Input data.
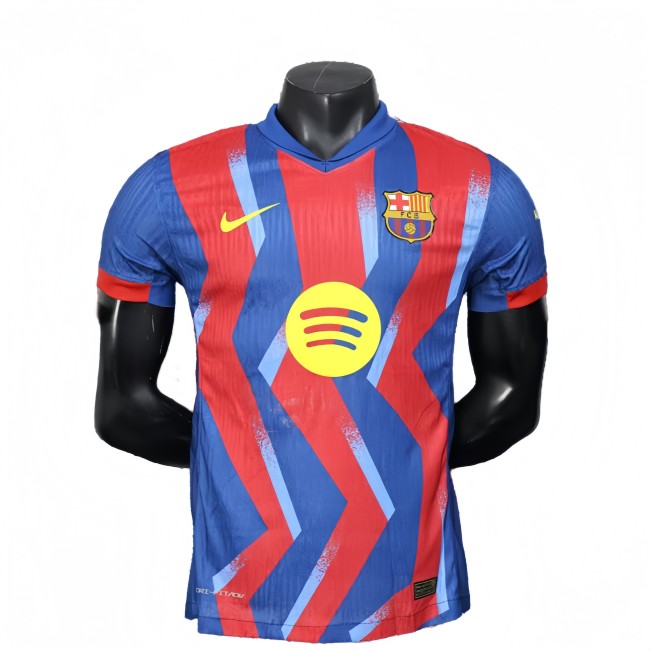 2025-26 Mens Barcelona fourth away red blue Player version soccer Jersey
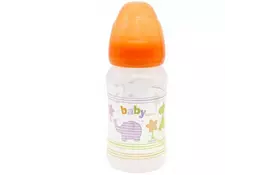 Бутылочка для кормления Baby Team c широким горлом, 250мл 6+ (1002_оранжевый) - Фото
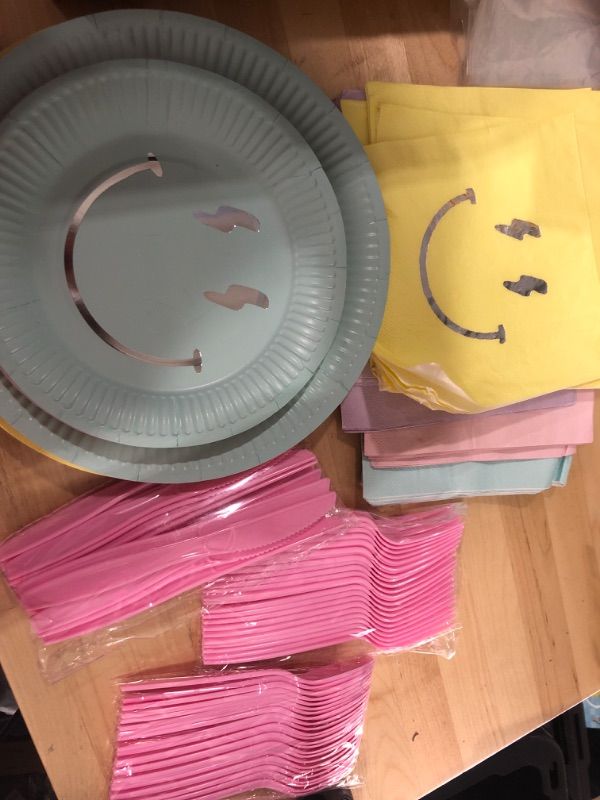 Photo 1 of 144 PCS PASTEL COLOR PARTY PLATES UTENSILS AND NAPKINS WITH SMILEY FACES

Action item.
Nothing but the lines from the one containing "Бутылочка для кормления" through the end of the listing should be printed, each exactly as it appears and without pictures.

Answer area.
 Бутылочка для кормления Baby Team c широким горлом, 250мл 6+ (1002_оранжевый) - Фото
 Photo 1 of 144 PCS PASTEL COLOR PARTY PLATES UTENSILS AND NAPKINS WITH SMILEY FACES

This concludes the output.